Please give back only the lines below from the one containing "4/90 Beach Rd, Noosa North Shore, QLD 4565" to the one containing "https://t.co/rF0aOqOL24", each repeated word for word, both ends included.

• Material provided:
= Beginning of Section =

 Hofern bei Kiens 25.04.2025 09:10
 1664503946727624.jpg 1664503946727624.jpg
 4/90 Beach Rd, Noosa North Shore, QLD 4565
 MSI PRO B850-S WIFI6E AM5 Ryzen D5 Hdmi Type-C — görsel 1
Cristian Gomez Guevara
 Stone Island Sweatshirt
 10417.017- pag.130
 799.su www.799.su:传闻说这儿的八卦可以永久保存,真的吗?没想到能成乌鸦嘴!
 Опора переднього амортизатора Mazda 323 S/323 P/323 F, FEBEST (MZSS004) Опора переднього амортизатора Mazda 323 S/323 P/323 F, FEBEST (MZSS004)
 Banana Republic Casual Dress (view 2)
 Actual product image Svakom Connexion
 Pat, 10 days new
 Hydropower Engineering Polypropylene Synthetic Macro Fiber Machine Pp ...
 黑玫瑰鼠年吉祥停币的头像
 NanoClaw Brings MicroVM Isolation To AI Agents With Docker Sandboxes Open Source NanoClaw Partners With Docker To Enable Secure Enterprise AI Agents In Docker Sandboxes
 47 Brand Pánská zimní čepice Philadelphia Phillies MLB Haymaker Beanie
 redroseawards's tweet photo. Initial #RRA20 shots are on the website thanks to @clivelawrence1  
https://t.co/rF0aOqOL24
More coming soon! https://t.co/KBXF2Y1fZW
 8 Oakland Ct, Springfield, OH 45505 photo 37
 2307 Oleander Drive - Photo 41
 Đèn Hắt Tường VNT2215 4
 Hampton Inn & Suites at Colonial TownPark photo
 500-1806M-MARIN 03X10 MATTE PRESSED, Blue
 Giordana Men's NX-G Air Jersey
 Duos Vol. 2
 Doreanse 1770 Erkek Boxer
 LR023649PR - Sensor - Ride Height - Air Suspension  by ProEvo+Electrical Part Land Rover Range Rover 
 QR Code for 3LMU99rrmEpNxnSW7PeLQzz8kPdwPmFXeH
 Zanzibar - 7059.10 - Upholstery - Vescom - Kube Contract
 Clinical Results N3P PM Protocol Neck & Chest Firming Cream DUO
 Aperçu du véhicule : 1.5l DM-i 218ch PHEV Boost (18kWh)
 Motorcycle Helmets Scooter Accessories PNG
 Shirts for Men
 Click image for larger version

= End of Section =

• Result of this exercise:
 4/90 Beach Rd, Noosa North Shore, QLD 4565
 MSI PRO B850-S WIFI6E AM5 Ryzen D5 Hdmi Type-C — görsel 1
Cristian Gomez Guevara
 Stone Island Sweatshirt
 10417.017- pag.130
 799.su www.799.su:传闻说这儿的八卦可以永久保存,真的吗?没想到能成乌鸦嘴!
 Опора переднього амортизатора Mazda 323 S/323 P/323 F, FEBEST (MZSS004) Опора переднього амортизатора Mazda 323 S/323 P/323 F, FEBEST (MZSS004)
 Banana Republic Casual Dress (view 2)
 Actual product image Svakom Connexion
 Pat, 10 days new
 Hydropower Engineering Polypropylene Synthetic Macro Fiber Machine Pp ...
 黑玫瑰鼠年吉祥停币的头像
 NanoClaw Brings MicroVM Isolation To AI Agents With Docker Sandboxes Open Source NanoClaw Partners With Docker To Enable Secure Enterprise AI Agents In Docker Sandboxes
 47 Brand Pánská zimní čepice Philadelphia Phillies MLB Haymaker Beanie
 redroseawards's tweet photo. Initial #RRA20 shots are on the website thanks to @clivelawrence1  
https://t.co/rF0aOqOL24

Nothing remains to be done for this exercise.